Data portability plays a significant role in determining market power of certain firms. In 2017, the CCI closed cases against both WhatsApp and Jio involving allegations of predatory pricing and privacy violations. In both these decisions, the regulator did not consider the restrictions around data portability as a competitive advantage. The possible data leveraging advantage for the attempted monopolization could be the ‘portfolio effect’. Portfolio effect refers to increasing the range of brands, by bundling of telecom or messaging service and other service offerings or illegal vertical restraints, even predatory pricing. This in turn may lead to greater ability of further leveraging, deterring innovation and results in degradation of quality. Another possible advantage is explained as the theory of leveraging. The best example of leveraging is when Microsoft entered the media-player market by extending its quasi-monopoly on the operating systems market by taking advantage of the indirect network effects. In case of Facebook acquiring 10% of Jio’s shares, it is a concern that both entities could potentially use WhatsApp’s market dominance in telecom and social networking services and establish dominance in e-commerce market through anticompetitive acts.
There was a consensus among Indian policymakers at the time of the 1991 economic reforms that economic liberalization would eliminate the nexus between the business elites and the policymakers.

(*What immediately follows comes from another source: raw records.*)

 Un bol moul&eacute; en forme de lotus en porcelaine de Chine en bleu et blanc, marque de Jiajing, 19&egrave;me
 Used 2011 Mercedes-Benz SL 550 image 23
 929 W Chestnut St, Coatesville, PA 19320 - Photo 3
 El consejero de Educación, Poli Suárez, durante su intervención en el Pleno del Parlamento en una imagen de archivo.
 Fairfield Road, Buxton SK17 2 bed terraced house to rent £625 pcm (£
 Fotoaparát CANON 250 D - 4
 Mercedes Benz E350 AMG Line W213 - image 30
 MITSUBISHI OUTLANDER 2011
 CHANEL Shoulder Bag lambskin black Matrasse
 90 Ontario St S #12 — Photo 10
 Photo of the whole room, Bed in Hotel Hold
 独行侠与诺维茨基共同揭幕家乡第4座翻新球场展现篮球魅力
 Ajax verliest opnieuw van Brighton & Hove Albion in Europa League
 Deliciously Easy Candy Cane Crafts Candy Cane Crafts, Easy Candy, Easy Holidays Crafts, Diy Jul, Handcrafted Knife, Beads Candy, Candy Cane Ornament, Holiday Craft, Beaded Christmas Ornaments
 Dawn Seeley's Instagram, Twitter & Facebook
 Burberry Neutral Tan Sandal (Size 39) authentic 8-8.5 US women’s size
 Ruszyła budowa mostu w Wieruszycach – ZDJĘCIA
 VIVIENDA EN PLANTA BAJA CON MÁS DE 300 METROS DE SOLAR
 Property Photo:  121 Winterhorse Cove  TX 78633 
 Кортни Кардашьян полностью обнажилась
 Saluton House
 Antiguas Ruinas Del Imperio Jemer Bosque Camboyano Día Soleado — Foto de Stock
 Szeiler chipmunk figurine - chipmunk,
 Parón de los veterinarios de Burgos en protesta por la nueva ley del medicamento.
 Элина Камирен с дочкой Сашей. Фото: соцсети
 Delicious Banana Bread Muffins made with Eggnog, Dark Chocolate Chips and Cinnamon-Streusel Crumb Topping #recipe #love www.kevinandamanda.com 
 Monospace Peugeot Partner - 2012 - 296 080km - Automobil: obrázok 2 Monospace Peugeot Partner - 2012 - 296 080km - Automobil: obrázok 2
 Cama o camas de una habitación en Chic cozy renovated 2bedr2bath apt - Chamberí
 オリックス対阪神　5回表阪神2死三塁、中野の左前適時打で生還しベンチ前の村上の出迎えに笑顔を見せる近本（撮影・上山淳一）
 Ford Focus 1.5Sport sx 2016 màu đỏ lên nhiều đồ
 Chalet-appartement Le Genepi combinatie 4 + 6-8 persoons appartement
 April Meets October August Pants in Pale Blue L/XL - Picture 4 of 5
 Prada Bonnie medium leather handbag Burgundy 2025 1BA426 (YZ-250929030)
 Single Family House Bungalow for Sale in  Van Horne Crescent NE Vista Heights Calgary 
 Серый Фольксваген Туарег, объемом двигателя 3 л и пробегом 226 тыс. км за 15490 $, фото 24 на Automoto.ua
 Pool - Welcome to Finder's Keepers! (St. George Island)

On the contrary, the relationship between these two groups got further strengthened.
On the other hand, few critics and industrialists argue that extreme restrictions on growing companies hampers the progressive growth of the national economy. While RIL’s Jio looks like a cause for concern, the company has also saved Rs. 60,000 crores for annual savings in India. In addition to that, the entry of Jio to the telecom industry has led to a rise in data consumption and improved accessibility and affordability of the internet across the nation.
However, the concern still lingers as the question of whether this growth is a result of actual innovation or crony capitalism remains unsolved.
However, the fact that telecom, organized retail, ports and airports have two or three players controlling the bulk of the sector needs to be addressed. A healthy competition is quintessential for long-term growth and innovation. Harmful trade practices and cartelization does not only affect small manufacturers but also the general public.
The government, CCI and other lawmakers must closely examine the present laws and provisions and need to see if they are required to amend the act.